Hang on tight, dear readers, because this post is about to rock your world. Let me be the first to tell you that my beginning attempts at homemade almond milk were far from successful. And I mean way far, somewhere in neverland. I had the most difficult time getting my almond milk to be as smooth and tasty as the convenient store bought kind and I couldn’t get over the plain, boring taste of it either. After a couple shots at making my own, I must confess I resorted back to the preservative laden almond milk from a carton. So if you’re hesitant to make your own almond milk, let me be the first to tell you…I get it.
But what you should also know is that you will never, ever, ever taste an almond milk as good as the one I’m about to share with you. Deciding to give this whole homemade nut milk thing another chance was quite possible my best life decision yet.

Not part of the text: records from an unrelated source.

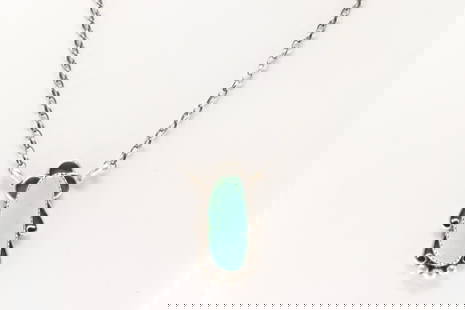 Native America Navajo Sterling Silver Kingman Turquoise Necklace By Juanita Madonal.: This is a Native America Navajo Sterling Silver Kingman Turquoise Necklace By Juanita Madonal. Neckalce length: 16.00"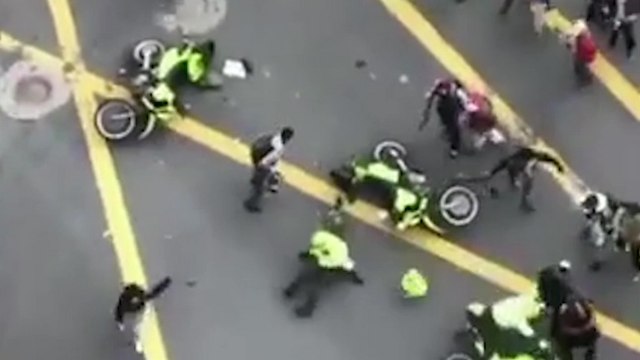 Un policier fonce volontairement dans un skateur et déclenche une émeute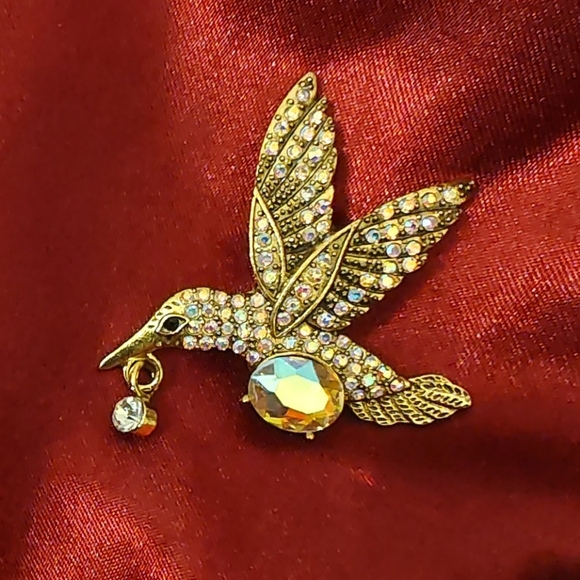 Source Unknown Jewelry - Beautiful Gold Tone AB Glass Hummingbird Brooch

Way better than the time I decided to stay home from school and eat nutella all day long while watching reruns of The Hills, which is saying a lot because let me tell you, that was a damn good decision.
This almond milk is so super easy to make and only requires 2 necessary things: a blender and some cheesecloth or a nut milk bag. Soak some almonds, blend with water, strain, add in spices, and boom. You’ve got yourself some darn amazing almond milk. I swear it’s that simple! I make this milk honestly at least twice a week, promising myself I’ll change up the flavors every once in a while, yet I can’t quite seem to get away from the cinnamon and maple combination. It’s so good! I used to be appalled when I would see people drinking milk straight from the carton (I’m looking at you, Dad.) but now…I get it. *chug chug* I promise I won’t put it back in the fridge with one tiny sip left because I’m too lazy to throw it out, though. (Dad. C’mon.)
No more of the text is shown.